Aim of the task: If pictures appear among the lines below, leave them out while you return exactly the lines from the one with "Oven Mitts and Pot Holders" through the one with "British churches &".

Provided entries:
──────────
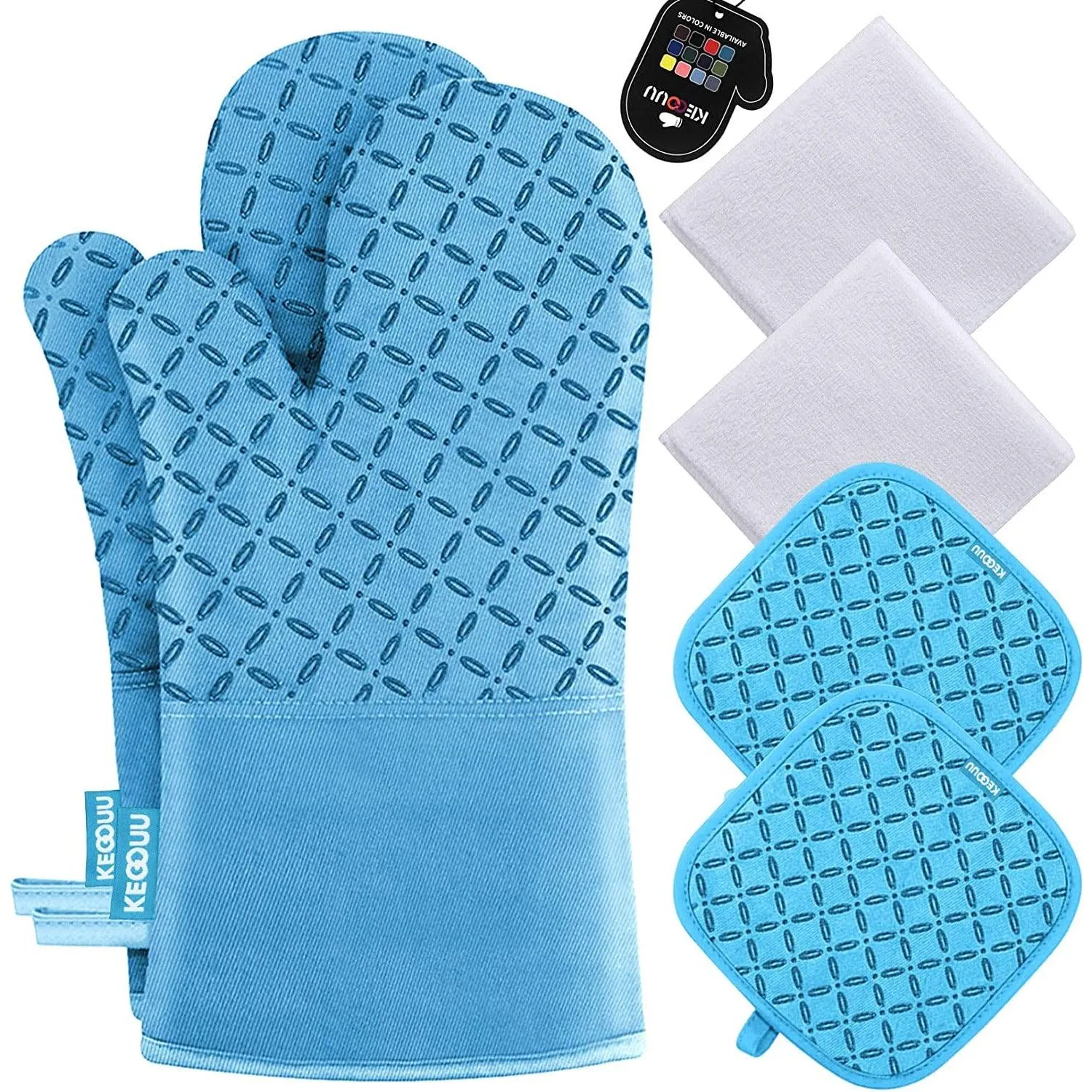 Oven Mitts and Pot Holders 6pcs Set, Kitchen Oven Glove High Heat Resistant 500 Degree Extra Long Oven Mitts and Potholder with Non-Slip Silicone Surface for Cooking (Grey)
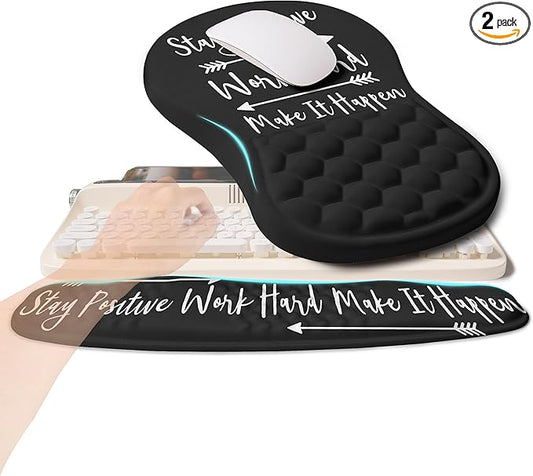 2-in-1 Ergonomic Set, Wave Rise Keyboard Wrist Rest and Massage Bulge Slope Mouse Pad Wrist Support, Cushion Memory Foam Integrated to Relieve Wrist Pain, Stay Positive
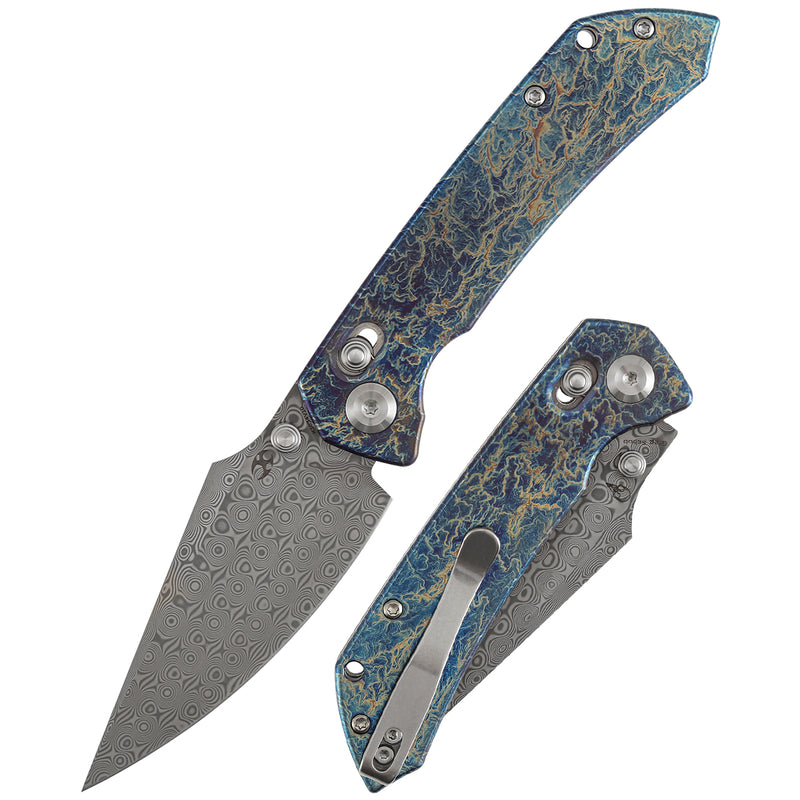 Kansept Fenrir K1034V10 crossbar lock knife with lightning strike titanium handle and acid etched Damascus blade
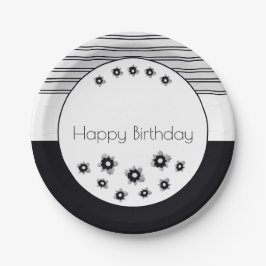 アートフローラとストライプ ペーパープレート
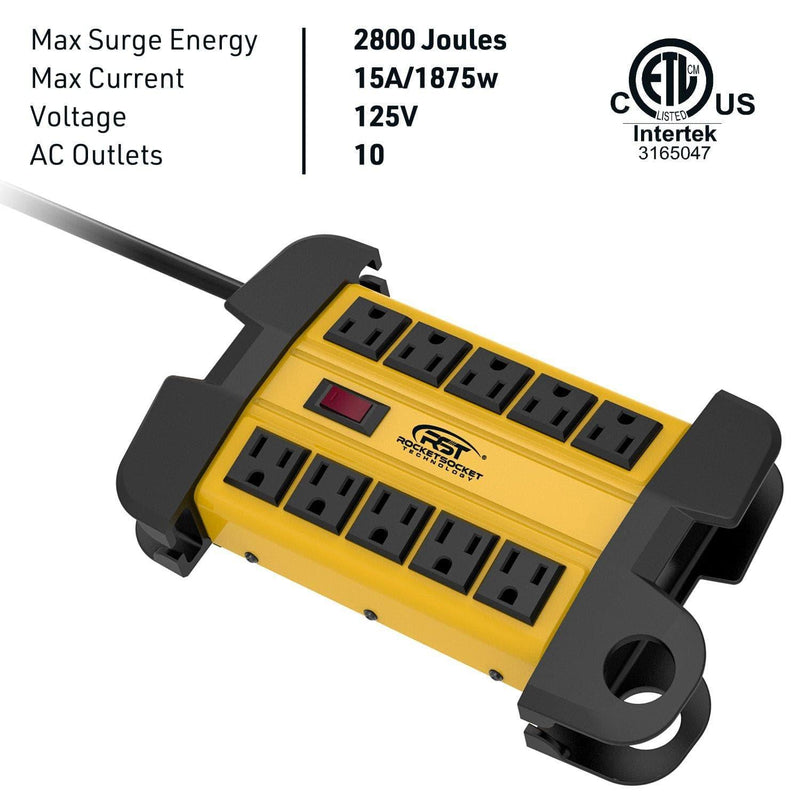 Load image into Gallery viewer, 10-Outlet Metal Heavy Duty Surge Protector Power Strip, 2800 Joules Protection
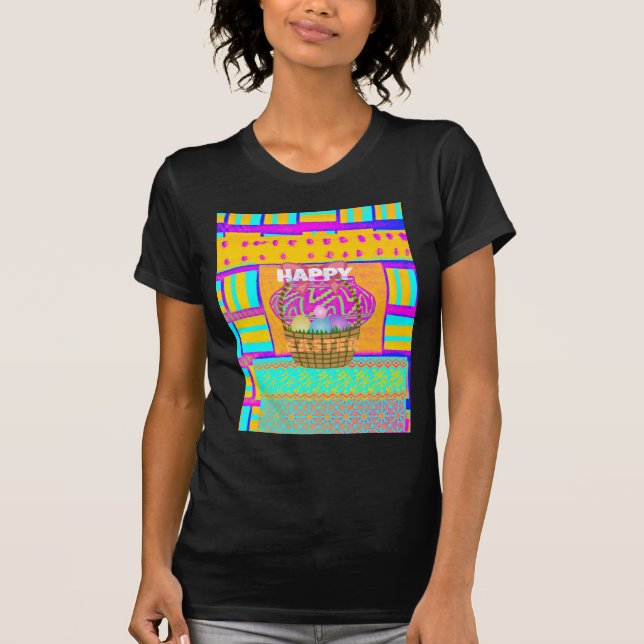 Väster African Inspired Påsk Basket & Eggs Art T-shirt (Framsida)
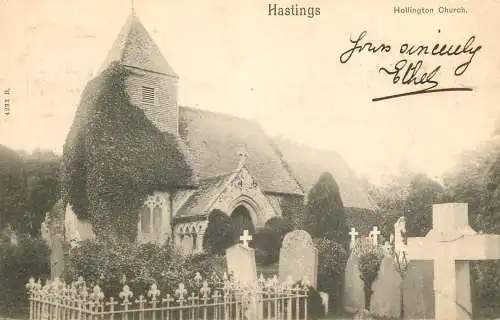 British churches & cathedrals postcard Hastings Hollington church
──────────
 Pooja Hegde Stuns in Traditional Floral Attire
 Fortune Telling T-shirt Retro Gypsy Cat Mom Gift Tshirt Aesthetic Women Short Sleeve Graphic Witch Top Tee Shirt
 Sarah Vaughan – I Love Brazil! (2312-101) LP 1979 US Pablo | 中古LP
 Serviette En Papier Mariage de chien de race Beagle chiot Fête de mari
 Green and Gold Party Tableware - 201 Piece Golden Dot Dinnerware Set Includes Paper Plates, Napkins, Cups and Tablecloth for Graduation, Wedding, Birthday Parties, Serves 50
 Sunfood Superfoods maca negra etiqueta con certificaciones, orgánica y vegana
──────────
Reply:
 Oven Mitts and Pot Holders 6pcs Set, Kitchen Oven Glove High Heat Resistant 500 Degree Extra Long Oven Mitts and Potholder with Non-Slip Silicone Surface for Cooking (Grey)
 2-in-1 Ergonomic Set, Wave Rise Keyboard Wrist Rest and Massage Bulge Slope Mouse Pad Wrist Support, Cushion Memory Foam Integrated to Relieve Wrist Pain, Stay Positive
 Kansept Fenrir K1034V10 crossbar lock knife with lightning strike titanium handle and acid etched Damascus blade
 アートフローラとストライプ ペーパープレート
 Load image into Gallery viewer, 10-Outlet Metal Heavy Duty Surge Protector Power Strip, 2800 Joules Protection
 Väster African Inspired Påsk Basket & Eggs Art T-shirt (Framsida)
 British churches & cathedrals postcard Hastings Hollington church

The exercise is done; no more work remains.